*Exercise requirements*:
The whole listing, apart from its images, should be restated word for word.

*Data extract*:
================================

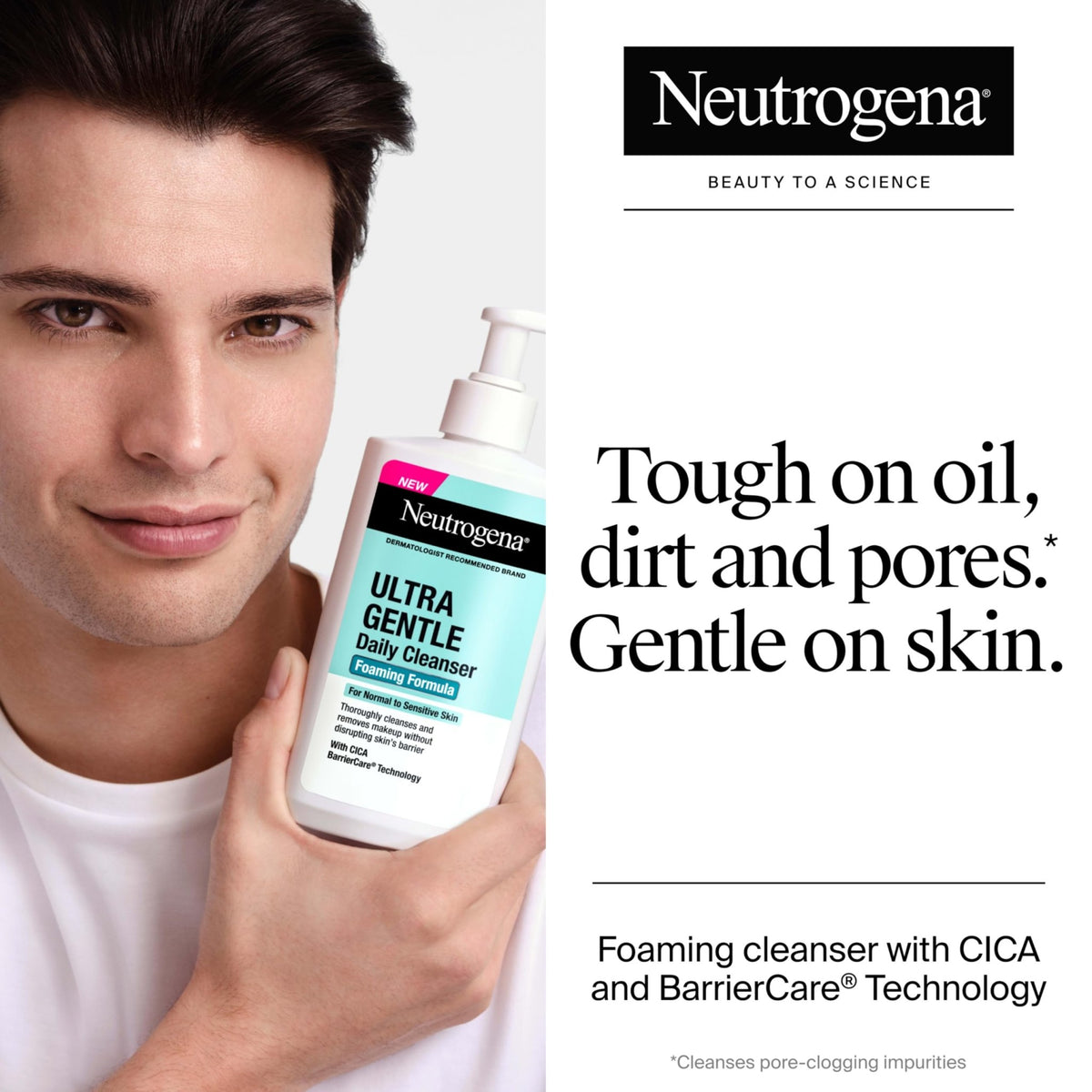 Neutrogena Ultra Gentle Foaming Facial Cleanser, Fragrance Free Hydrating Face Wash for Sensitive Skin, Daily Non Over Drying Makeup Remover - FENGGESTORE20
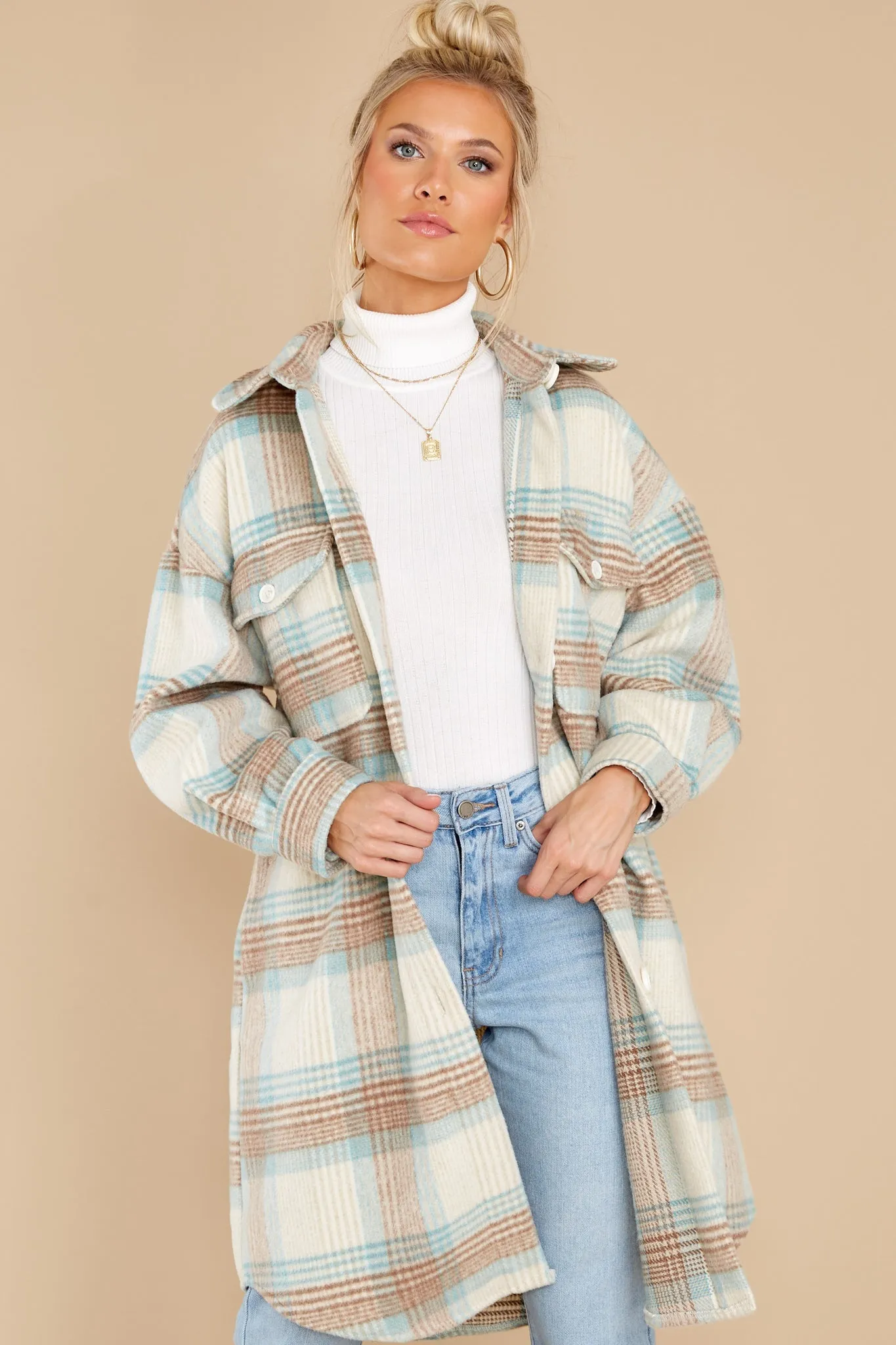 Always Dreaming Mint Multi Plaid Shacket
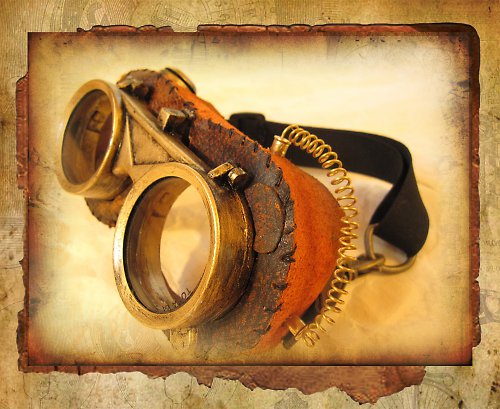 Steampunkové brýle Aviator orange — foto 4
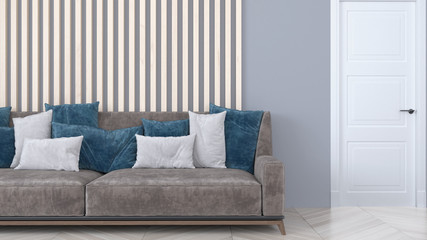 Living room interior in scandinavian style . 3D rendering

================================

*Answer section*:
 Neutrogena Ultra Gentle Foaming Facial Cleanser, Fragrance Free Hydrating Face Wash for Sensitive Skin, Daily Non Over Drying Makeup Remover - FENGGESTORE20
 Always Dreaming Mint Multi Plaid Shacket
 Steampunkové brýle Aviator orange — foto 4
 Living room interior in scandinavian style . 3D rendering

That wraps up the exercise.